| YOUR OBJECTIVE |
Take from the entries below the stretch from the line with "Magnetic Wireless Charger" through the line with "A laptop displaying", and return it exactly, leaving the pictures out.

| INPUT |
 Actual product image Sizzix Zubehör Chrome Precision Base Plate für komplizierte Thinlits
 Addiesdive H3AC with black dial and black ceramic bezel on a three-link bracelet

==

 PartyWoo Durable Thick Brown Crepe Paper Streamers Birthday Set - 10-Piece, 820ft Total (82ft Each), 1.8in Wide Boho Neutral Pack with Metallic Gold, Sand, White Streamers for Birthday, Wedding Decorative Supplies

* * *

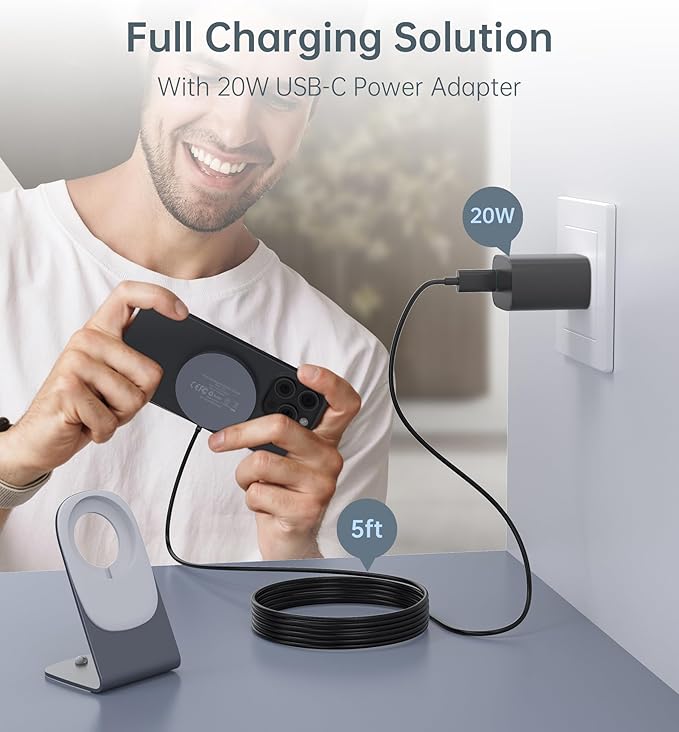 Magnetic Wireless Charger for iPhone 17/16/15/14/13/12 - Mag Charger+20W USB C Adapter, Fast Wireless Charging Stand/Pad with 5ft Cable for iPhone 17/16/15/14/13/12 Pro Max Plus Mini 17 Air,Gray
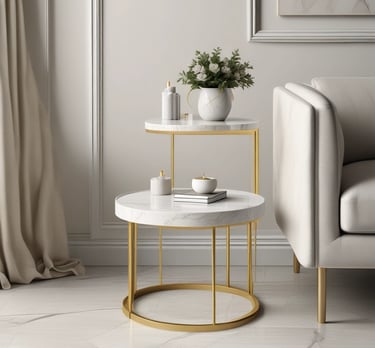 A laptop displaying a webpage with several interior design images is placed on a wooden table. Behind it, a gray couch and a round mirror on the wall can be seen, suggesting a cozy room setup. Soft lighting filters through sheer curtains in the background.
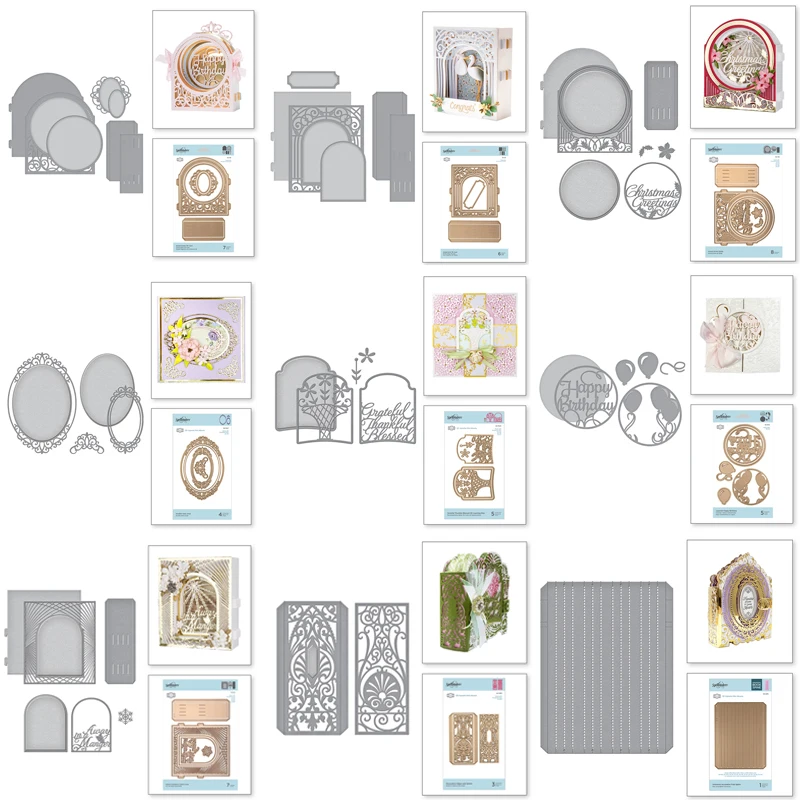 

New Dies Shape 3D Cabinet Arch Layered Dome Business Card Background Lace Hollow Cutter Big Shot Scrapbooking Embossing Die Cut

| ANSWER BOX |
 Magnetic Wireless Charger for iPhone 17/16/15/14/13/12 - Mag Charger+20W USB C Adapter, Fast Wireless Charging Stand/Pad with 5ft Cable for iPhone 17/16/15/14/13/12 Pro Max Plus Mini 17 Air,Gray
 A laptop displaying a webpage with several interior design images is placed on a wooden table. Behind it, a gray couch and a round mirror on the wall can be seen, suggesting a cozy room setup. Soft lighting filters through sheer curtains in the background.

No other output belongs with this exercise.